> **Action item**: Every line from the one holding "Single Breasted Brushed" through the last line of the records must be retyped exactly, and no other line or picture may appear in the copy.
★ ★ ★ ★ ★ ★ ★
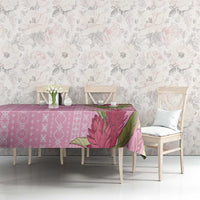 Women's Day Samoa Malu Tattoo Inspired Mix Teuila Tablecloth Rose Pink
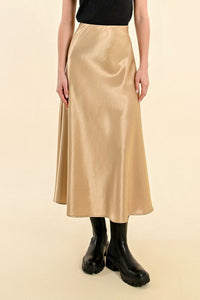 Satin Skirt - Gold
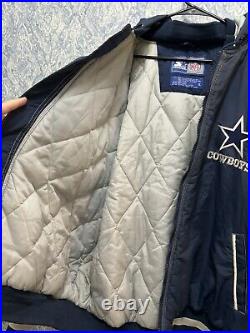 Vintage STARTER Dallas Cowboys Full Zip Jacket Navy Blue XL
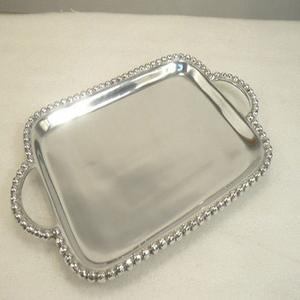 Meilleure qualité en acier inoxydable avec deux poignées avec forme ronde Style de décoration meilleur plateau de service en gros à vendre - Product Image 4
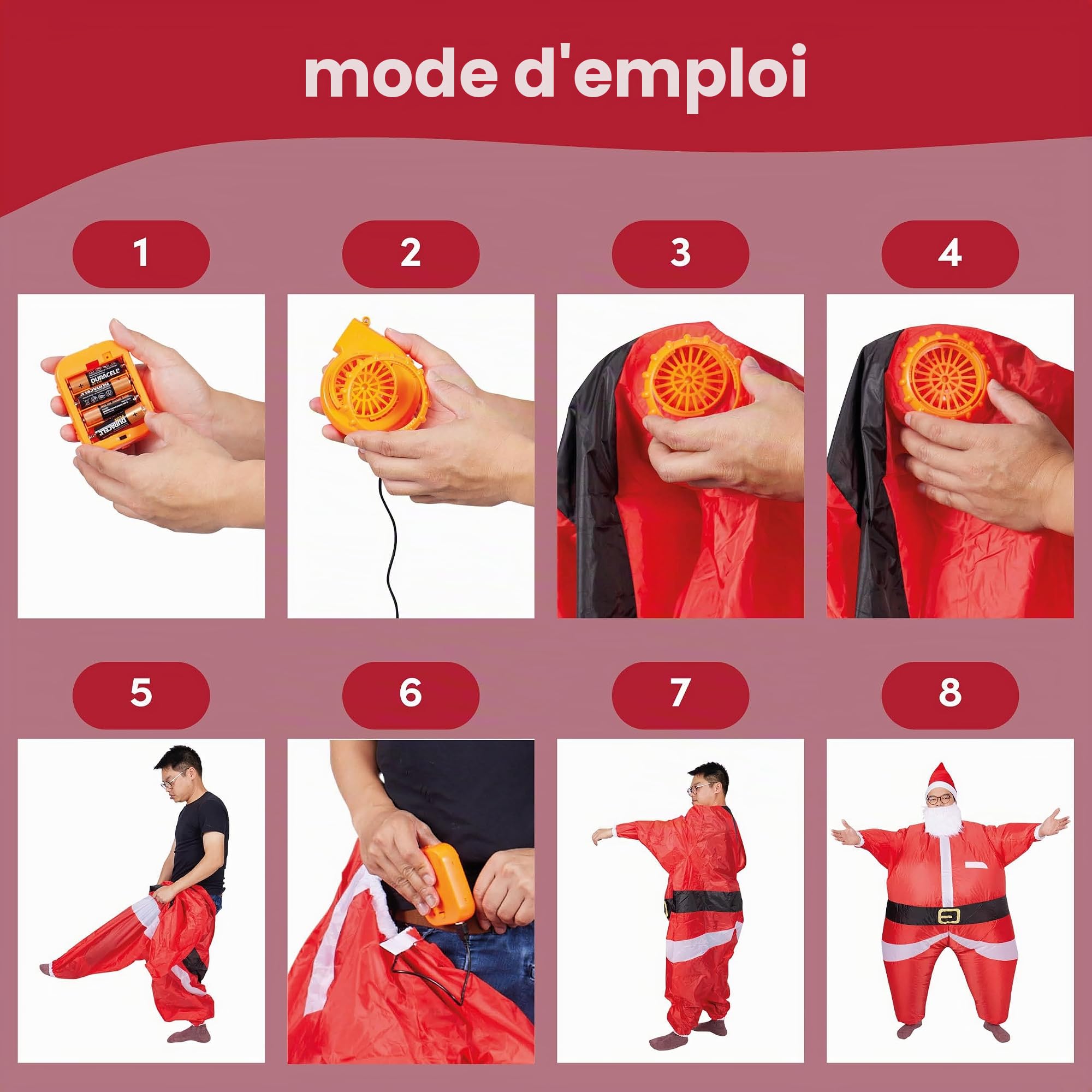 THE TWIDDLERS Déguisement de Père Noël Gonflable avec Chapeau & Barbe pour Adultes - Costume Rigolo pour Noël & Fêtes d'Enfants - Solide & Facile à Gonfler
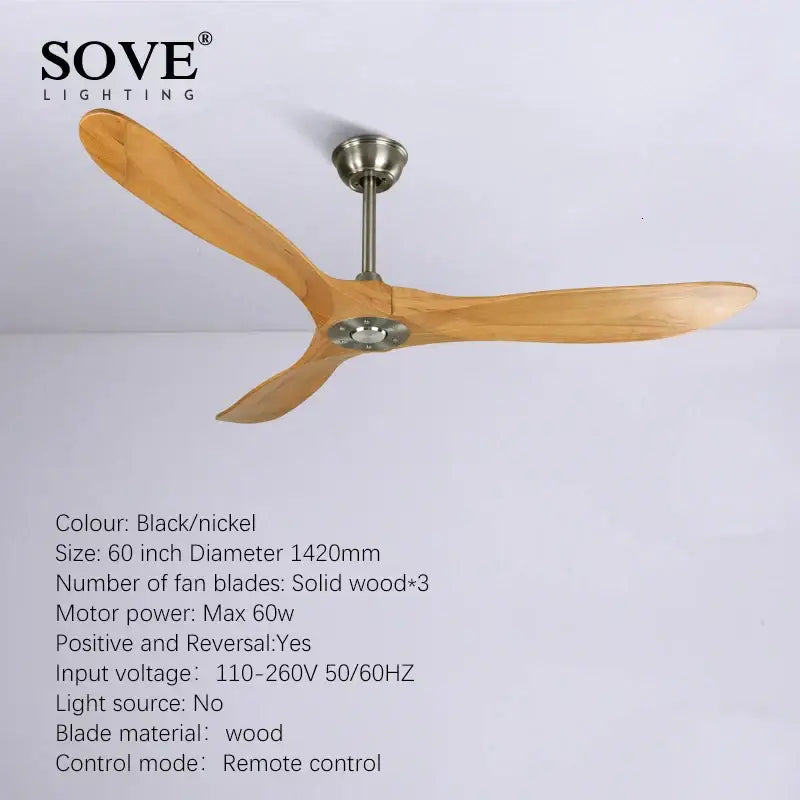 Decorbites 60 industrial wooden ceiling fan with sove lighting and three solid wood blades in black nickel finish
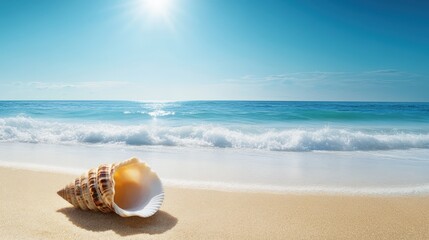 Obraz premium Shell on Sandy Beach with Calm Ocean and Bright Sunshine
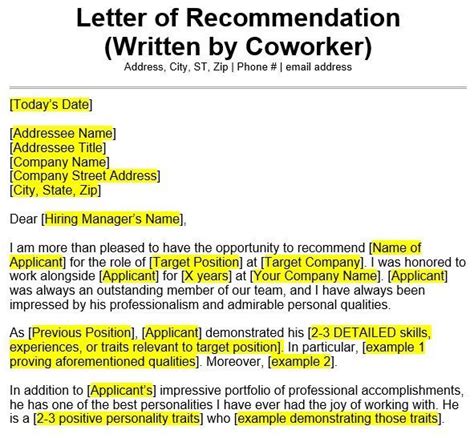 Printable Letter Of Recommendation For Coworker Writing A Reference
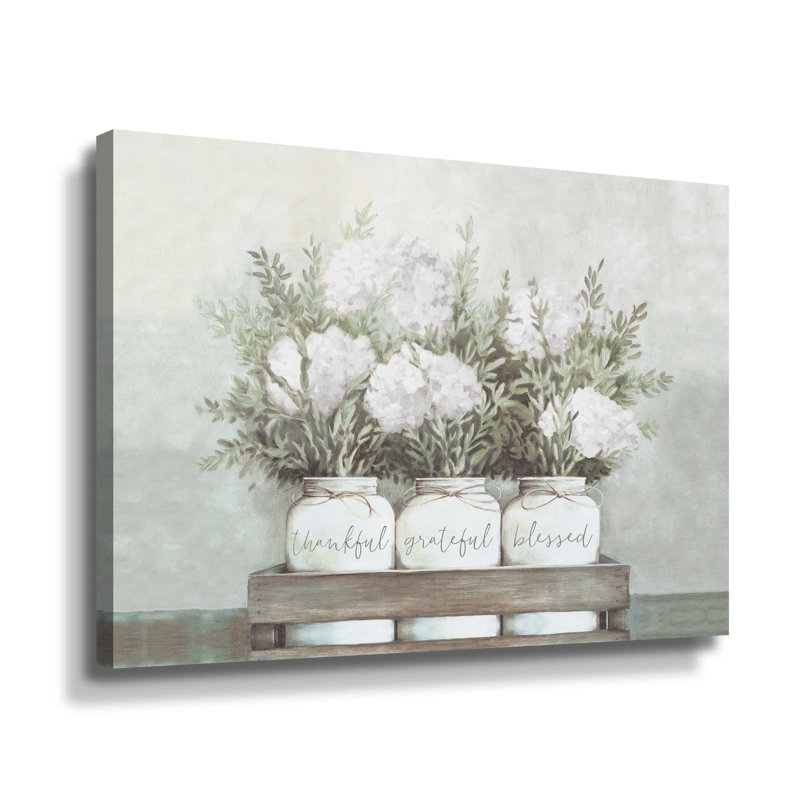 «White Flower Jars» par Portfolio Dogwood, Modern Farmhouse Hydrangeas, reproduction d'art sur toile encadrée, Toile tendue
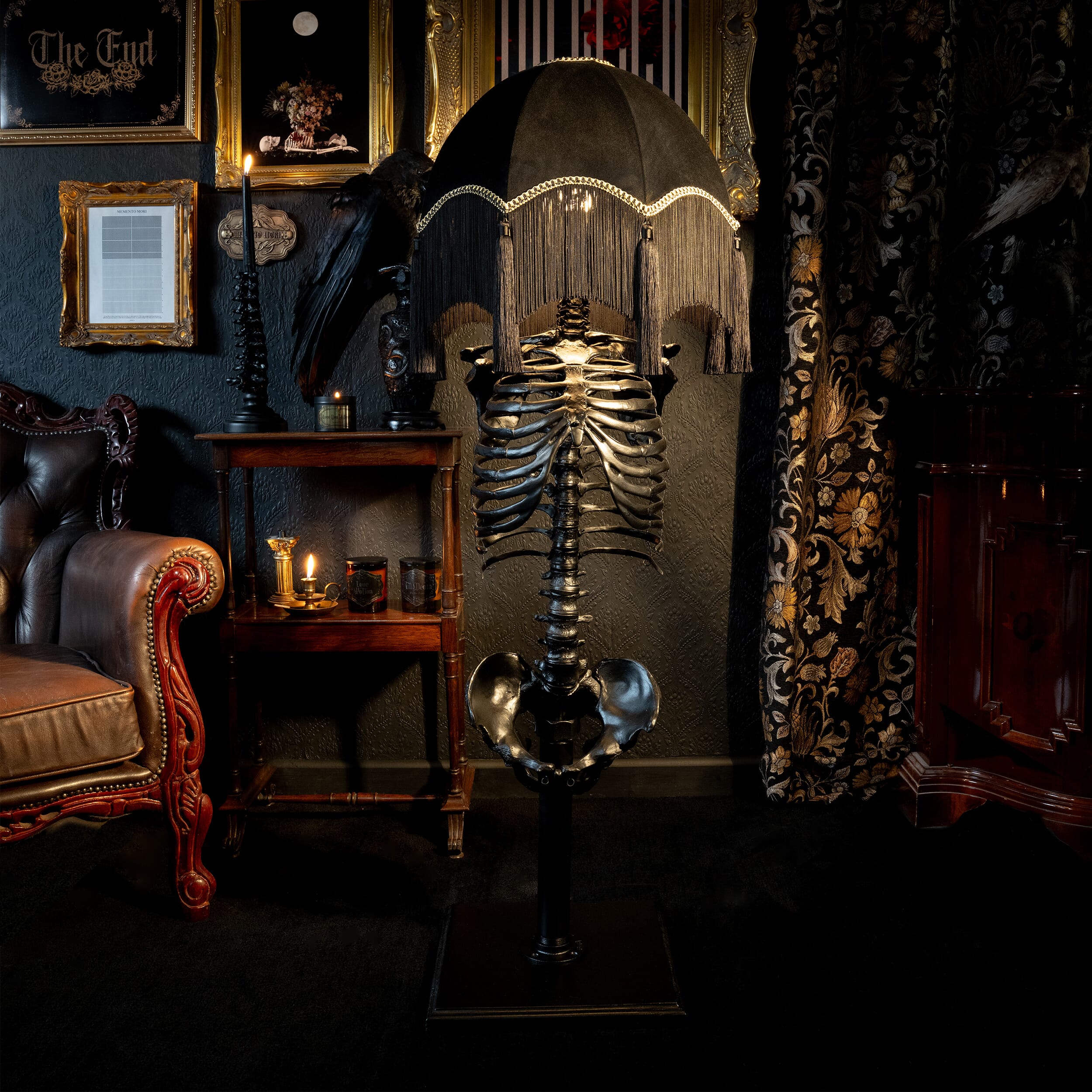 enid edition black skeleton floor lamp gothic lighting the blackened teeth gothic home decor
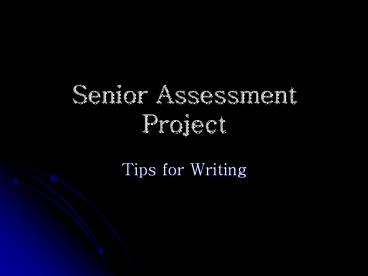 Senior Assessment Project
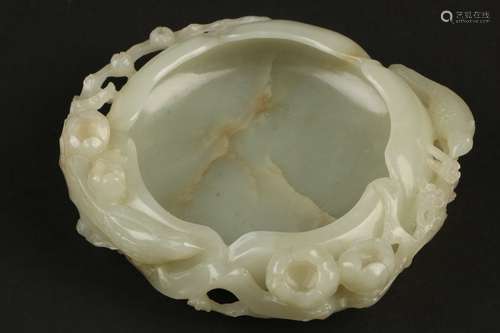 CARVED WHITE JADE WASHER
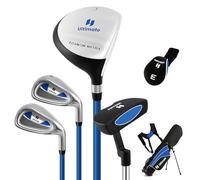 GYMAX Juego Completo de Palos de Golf, con Madera de Fairway #3, Hierros #7 y #9, Putter, Bolsa de Golf Portátil con Soporte y Funda Protectora de Lluvia, 11-13 Años (Azul,71 cm x 53 cm x 81 cm)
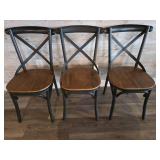 Industrial X-Back Dining Chairs with Wood Seats - Set of 3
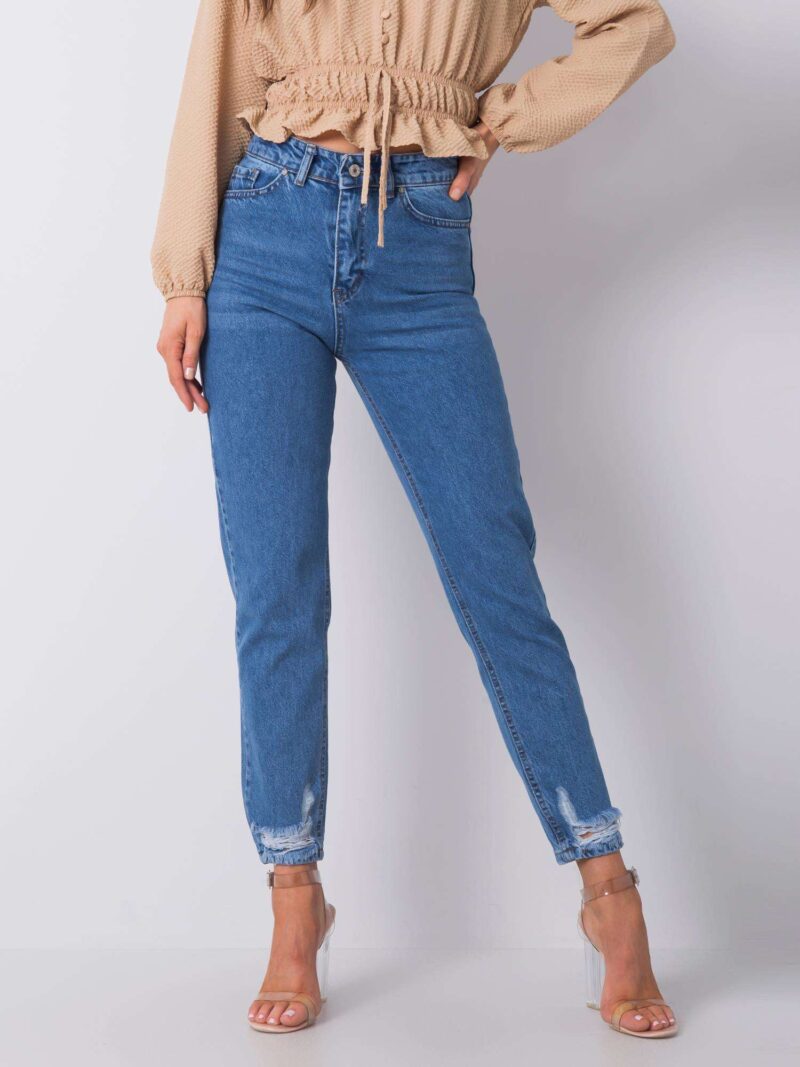 Niebieskie jeansy mom fit - obrazek 4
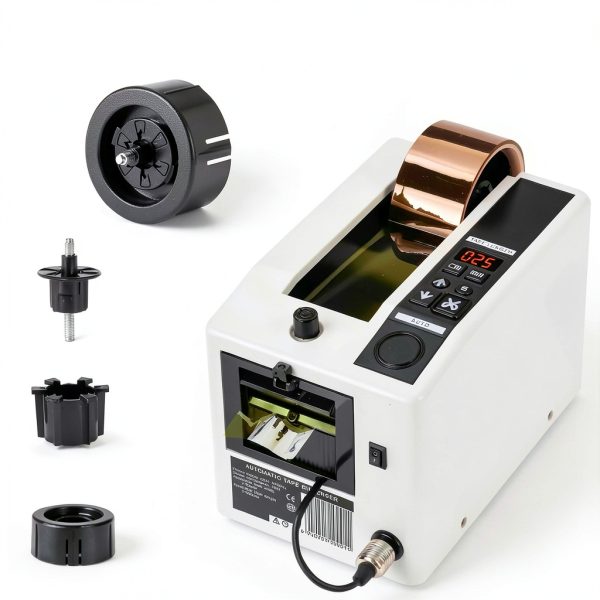 Electric Tape Cutting Machine, Automatic Tape Dispenser Cutting 8-50mm Width 999mm Cutting Length, Ribbon Cutting Machine for Wrapping/Packing Office Shipping, Businesses, Home Use-2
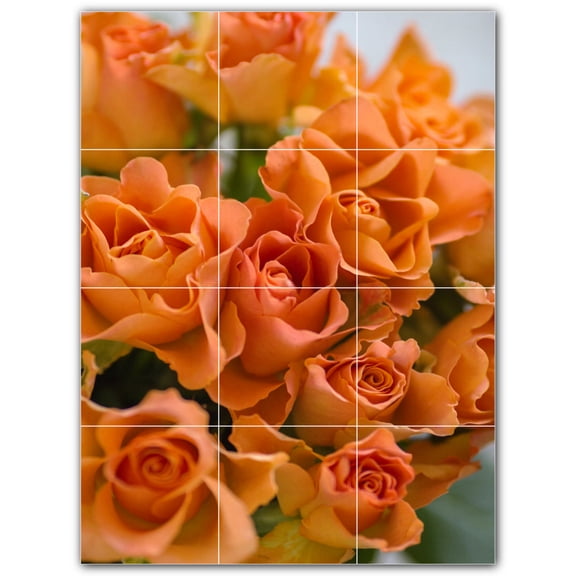 Picture-Tiles.com: Flowers Ceramic Tile Wall Mural WAL500620-34S. 12.75"W x 17"H using (12) 4.25" x 4.25" Ceramic Tiles-Satin Finish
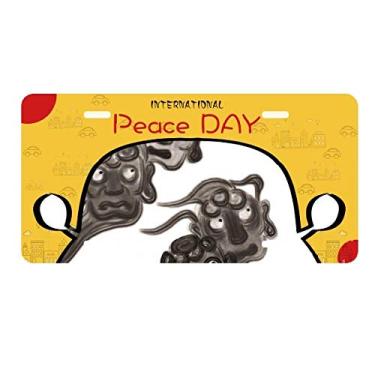 Imagem de DIYthinker Placa de licença de monstro Five Goblins estilo chinês, etiqueta decoração de carro, dia da paz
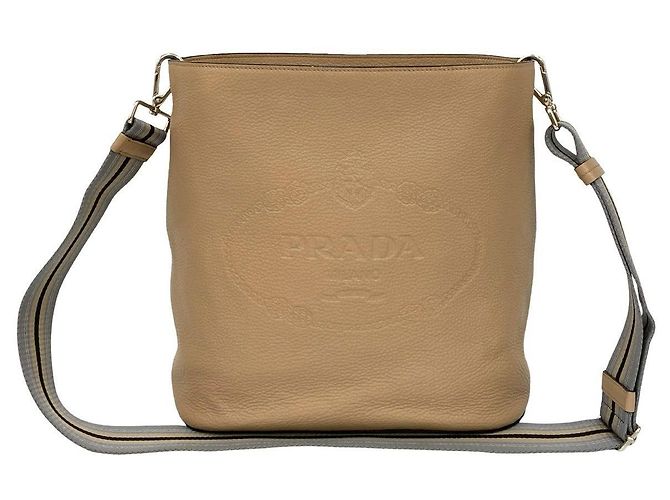 Vitello Borsa a tracolla in pelle Prada Beige - vista 2
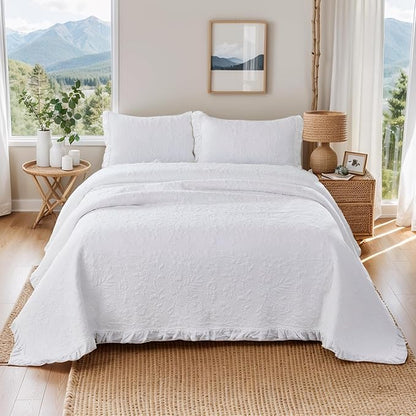 Brandream White Quilt Set Queen Size Cotton Shabby Chic Luxury Ruffle Bedspread Matelasse Coverlet Set 3-Piece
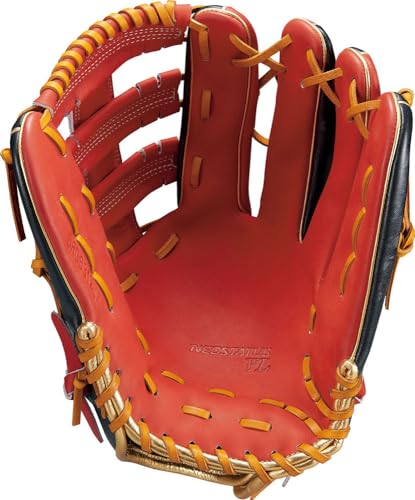 ゼット(ZETT) 軟式野球 グラブ (グローブ) ネオステイタスVL 外野手用 レッド/ブラック 右投用 BRGB31237 2枚目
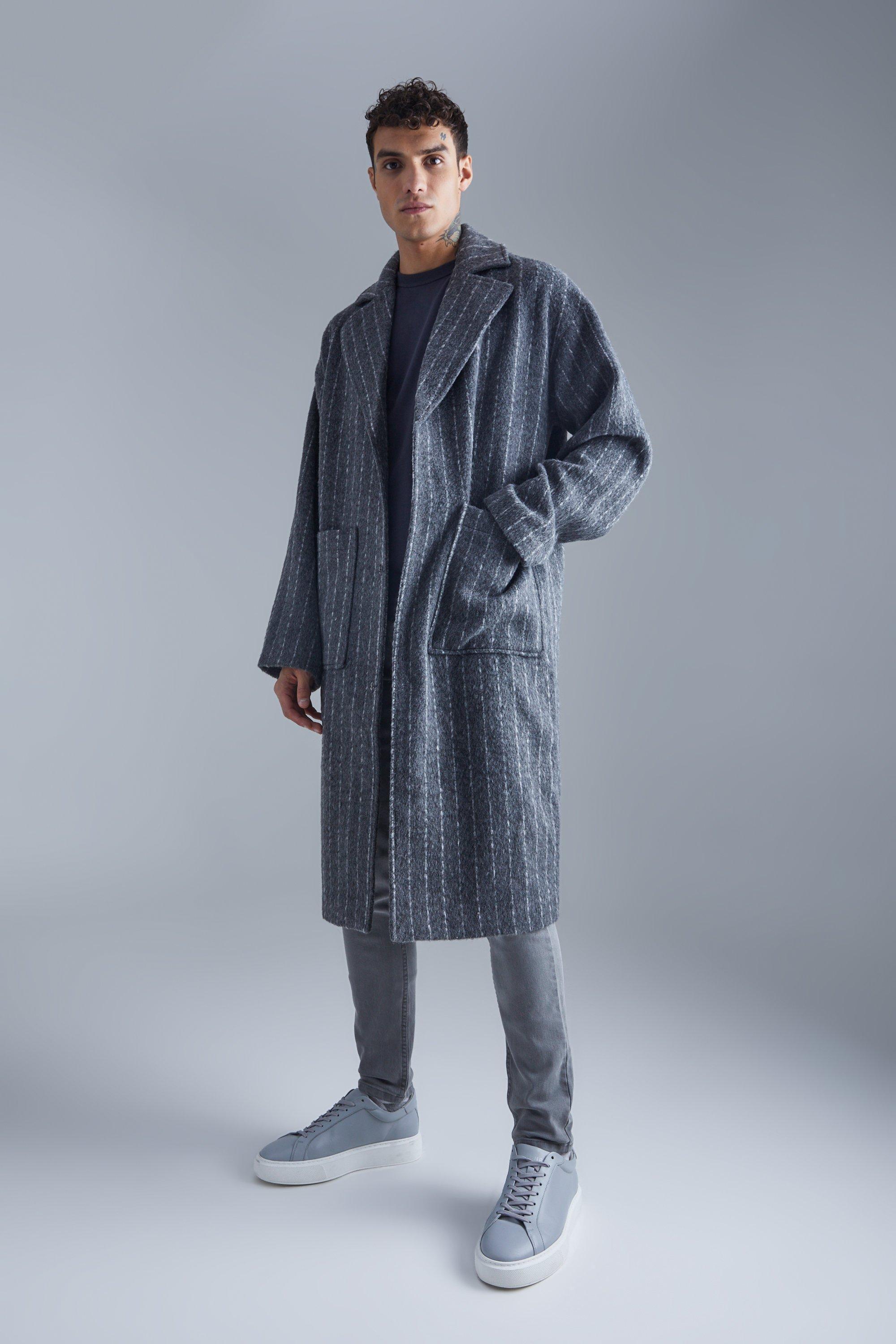 Single Breasted Brushed Stripe Overcoat | boohooMAN USA Product Image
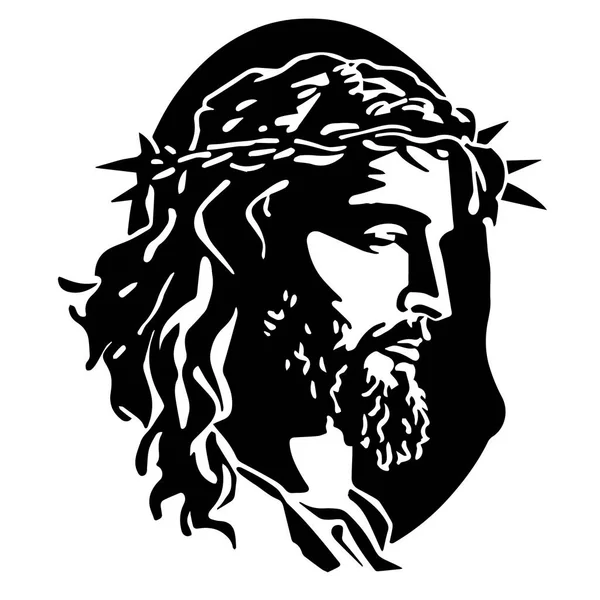 Ježíši Kriste Ručně Kreslená Vektorová Ilustrace Černá Silueta Svg Jesus — Stockový vektor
★ ★ ★ ★ ★ ★ ★
> **Output for this task**:
 Single Breasted Brushed Stripe Overcoat | boohooMAN USA Product Image
 Ježíši Kriste Ručně Kreslená Vektorová Ilustrace Černá Silueta Svg Jesus — Stockový vektor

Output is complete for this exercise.